La terapia funzionava in parte o non sempre, ma lui non demordeva: “per me sbaglia –diceva di un amico un po’ solingo- deve uscire, stare con gli amici, fare “una serata””… parafrasando le canzoni degli Illeciti (“Dici che non hai più tempo per passare una serata… ma quanto tempo a dirlo hai perso già?!”) tan tan tan… e così, fino a tardi: musica, bere, mangiare… l’ho visto, Dio mi è testimone, affondare la bocca su uno stinco di maiale alle due di notte! Ma faceva anche altro…
Ci piacque quella volta in cui volle affrontare un’escursione in montagna per far assaggiare del vino a degli alpinisti. E poi dormire in quei lettini a castello: io fuori i piedi e lui che non riusciva a dormire in quello spazio ristretto. E Andrea nella notte sul sentiero verso casa (ma come avrà fatto a non perdersi? Ancora oggi me lo chiedo!); o quella volta che mi portò in una grotta dove “si sentono i profumi meglio” e noi lì a dividere con degli speleologi (ma che freddo! Brrr)…
Non gli piaceva il nebbiolo in particolare. Li beveva un po’ tutti, i vini. Anzi ora che penso non mi mai detto che vino preferisse. Ne bevevamo molto insieme, quando ci vedevamo per la terapia di gruppo, ma lui pensava sempre a me e mai a lui: “ho preso questo vino, il tuo genere… senti che profumi, asciutto… ti piacerà”. Una volta in Borgogna fece arrabbiare un cantiniere, dicendogli che non era il vino adatto a me. Che lasciasse perdere… pinot nero. Mi voleva bene? Ero per lui un fratello? Non so.. ma a me il nebbiolo piace e lo dico. O meglio piaceva, visto che fra un po’ me ne andrò.

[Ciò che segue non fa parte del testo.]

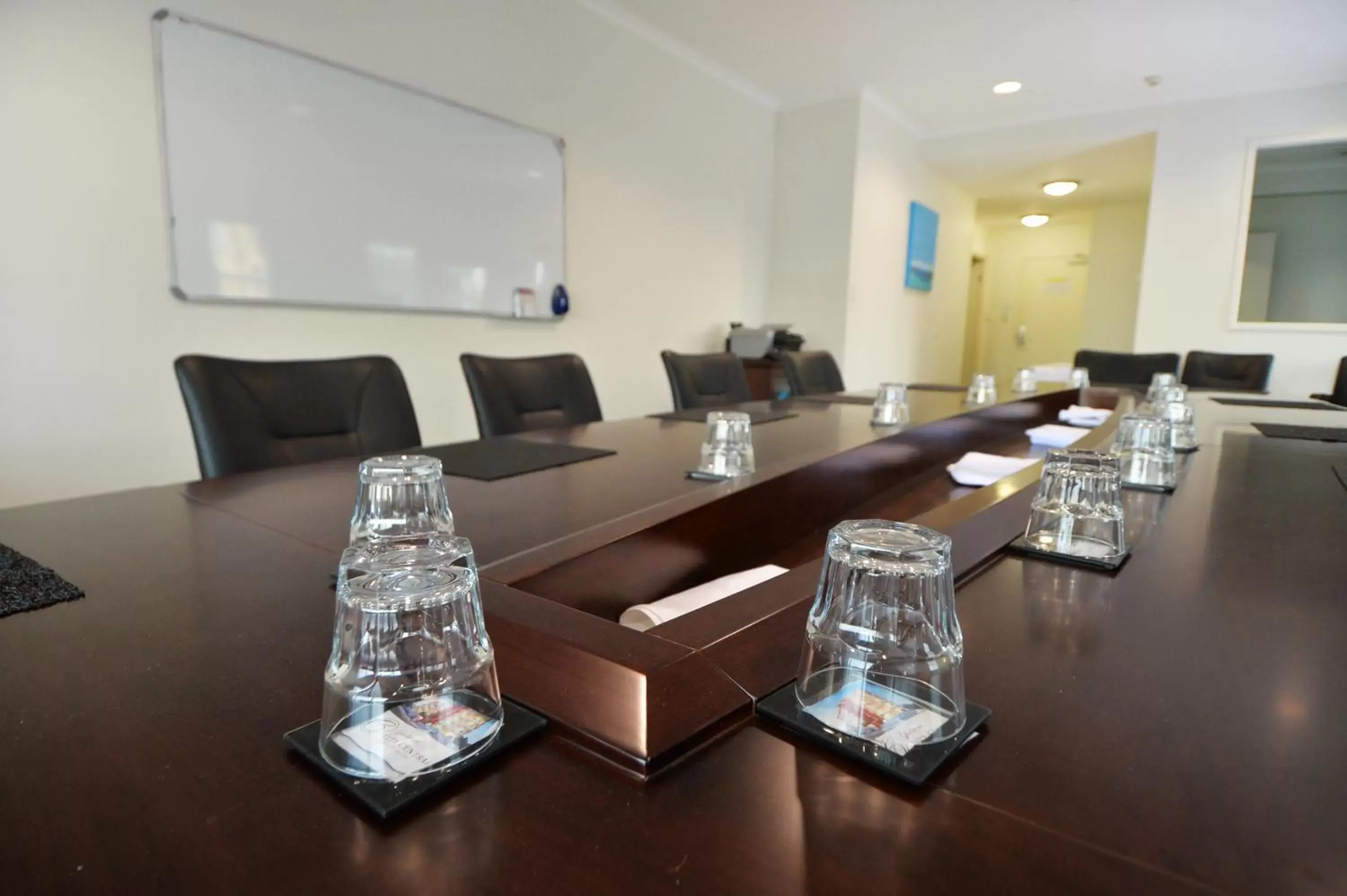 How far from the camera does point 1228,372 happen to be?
467 cm

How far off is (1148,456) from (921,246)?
5.45m

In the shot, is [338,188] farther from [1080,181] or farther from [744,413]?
[1080,181]

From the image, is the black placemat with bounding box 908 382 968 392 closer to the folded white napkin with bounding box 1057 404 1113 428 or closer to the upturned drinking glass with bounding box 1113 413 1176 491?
the folded white napkin with bounding box 1057 404 1113 428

Sì, scrivo queste righe per ricordarlo. Le metto “nella bottiglia”. Non si fa vedere più da settimane. La sua terapia di gruppo non serve per un tumore. Forse è disarmato di fronte a ciò che non si può risolvere con “serate”, degustazioni, stare insieme… O forse è solo impegnato con il lavoro e con l’ennesima femmina. Lo invidio un po’: avevo sempre pensato che avrei aperto dopo il suo funerale le poche bottiglie di ghemme, gattinara, barolo… che conservo nella mia striminzita cantina. Però le ho lasciate a mio figlio che le apre e me ne porta un po’ per volta, di nascosto. “I medici sai, papà”… Lui cosà farà? Andrà a fare copia incolla con altri; altri malati di solitudine da salvare. Forse.
Mi scoccia un po’ essere affidato per gli ultimi ad un santo con le piaghe. Eremita. Avrei preferito stare in un hospice che portasse il nome di un santo guerriero, Giorgio o Michele o Martino, ma così è. Però i cani mi sono sempre piaciuti. E il nebbiolo? Ha fatto copia incolla con la mia vita. Ne ho bevuto tanto ed in ogni occasione. E come m’insegnò la Yourcenar, ho scritto un motteggio in prosa dedicato ad una signora ed a un uso improprio del ghemme… forse c’è ancora all’ingresso delle grotte in Valle. Ho usato il “verme” del cavatappi… Per Lei siamo “come l’acqua che scorre”; io penso al nebbiolo.